▸ What is needed
Look below for the line holding "MUENG, CHIANGMAI THAILAND" and the line holding "Aperçu de l'œuvre". Repeat those two and everything between, exactly.

▸ Material for the task
- - - - - - -

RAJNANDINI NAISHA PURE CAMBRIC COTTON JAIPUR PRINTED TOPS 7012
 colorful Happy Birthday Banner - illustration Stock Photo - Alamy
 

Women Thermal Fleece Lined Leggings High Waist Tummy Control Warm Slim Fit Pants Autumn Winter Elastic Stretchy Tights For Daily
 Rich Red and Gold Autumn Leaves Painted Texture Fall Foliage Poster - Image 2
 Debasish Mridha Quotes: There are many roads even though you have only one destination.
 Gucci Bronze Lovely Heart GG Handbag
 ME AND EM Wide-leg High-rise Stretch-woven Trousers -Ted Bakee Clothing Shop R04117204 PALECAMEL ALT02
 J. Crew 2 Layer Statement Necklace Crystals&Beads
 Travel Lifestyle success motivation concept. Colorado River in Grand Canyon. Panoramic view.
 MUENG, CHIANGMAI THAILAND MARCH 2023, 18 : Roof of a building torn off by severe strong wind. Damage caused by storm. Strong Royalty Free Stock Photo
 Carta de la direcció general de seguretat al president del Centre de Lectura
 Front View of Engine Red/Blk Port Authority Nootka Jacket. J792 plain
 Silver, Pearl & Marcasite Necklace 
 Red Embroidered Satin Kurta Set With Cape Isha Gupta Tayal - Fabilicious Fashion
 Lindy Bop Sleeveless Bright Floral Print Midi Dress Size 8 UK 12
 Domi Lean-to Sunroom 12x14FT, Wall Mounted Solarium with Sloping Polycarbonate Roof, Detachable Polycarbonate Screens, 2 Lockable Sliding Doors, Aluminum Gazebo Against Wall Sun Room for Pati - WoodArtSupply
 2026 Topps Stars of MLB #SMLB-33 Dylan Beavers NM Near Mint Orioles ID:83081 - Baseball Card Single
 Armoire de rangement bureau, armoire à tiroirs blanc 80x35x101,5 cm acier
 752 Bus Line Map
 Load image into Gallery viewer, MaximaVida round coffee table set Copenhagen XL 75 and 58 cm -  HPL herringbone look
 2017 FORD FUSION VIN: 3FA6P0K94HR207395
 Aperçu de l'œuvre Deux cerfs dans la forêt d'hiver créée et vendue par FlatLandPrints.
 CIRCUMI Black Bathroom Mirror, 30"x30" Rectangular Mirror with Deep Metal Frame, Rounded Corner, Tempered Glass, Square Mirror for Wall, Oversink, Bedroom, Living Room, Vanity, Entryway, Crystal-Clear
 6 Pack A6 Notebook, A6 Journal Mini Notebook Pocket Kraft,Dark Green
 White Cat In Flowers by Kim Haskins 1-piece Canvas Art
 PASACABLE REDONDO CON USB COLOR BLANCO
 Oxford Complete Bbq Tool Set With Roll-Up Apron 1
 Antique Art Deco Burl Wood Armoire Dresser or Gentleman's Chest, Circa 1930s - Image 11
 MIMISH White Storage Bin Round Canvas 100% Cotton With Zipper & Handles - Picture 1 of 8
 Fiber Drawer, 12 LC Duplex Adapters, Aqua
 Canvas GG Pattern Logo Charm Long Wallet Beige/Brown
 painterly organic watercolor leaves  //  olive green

- - - - - - -

▸ Task result
 MUENG, CHIANGMAI THAILAND MARCH 2023, 18 : Roof of a building torn off by severe strong wind. Damage caused by storm. Strong Royalty Free Stock Photo
 Carta de la direcció general de seguretat al president del Centre de Lectura
 Front View of Engine Red/Blk Port Authority Nootka Jacket. J792 plain
 Silver, Pearl & Marcasite Necklace 
 Red Embroidered Satin Kurta Set With Cape Isha Gupta Tayal - Fabilicious Fashion
 Lindy Bop Sleeveless Bright Floral Print Midi Dress Size 8 UK 12
 Domi Lean-to Sunroom 12x14FT, Wall Mounted Solarium with Sloping Polycarbonate Roof, Detachable Polycarbonate Screens, 2 Lockable Sliding Doors, Aluminum Gazebo Against Wall Sun Room for Pati - WoodArtSupply
 2026 Topps Stars of MLB #SMLB-33 Dylan Beavers NM Near Mint Orioles ID:83081 - Baseball Card Single
 Armoire de rangement bureau, armoire à tiroirs blanc 80x35x101,5 cm acier
 752 Bus Line Map
 Load image into Gallery viewer, MaximaVida round coffee table set Copenhagen XL 75 and 58 cm -  HPL herringbone look
 2017 FORD FUSION VIN: 3FA6P0K94HR207395
 Aperçu de l'œuvre Deux cerfs dans la forêt d'hiver créée et vendue par FlatLandPrints.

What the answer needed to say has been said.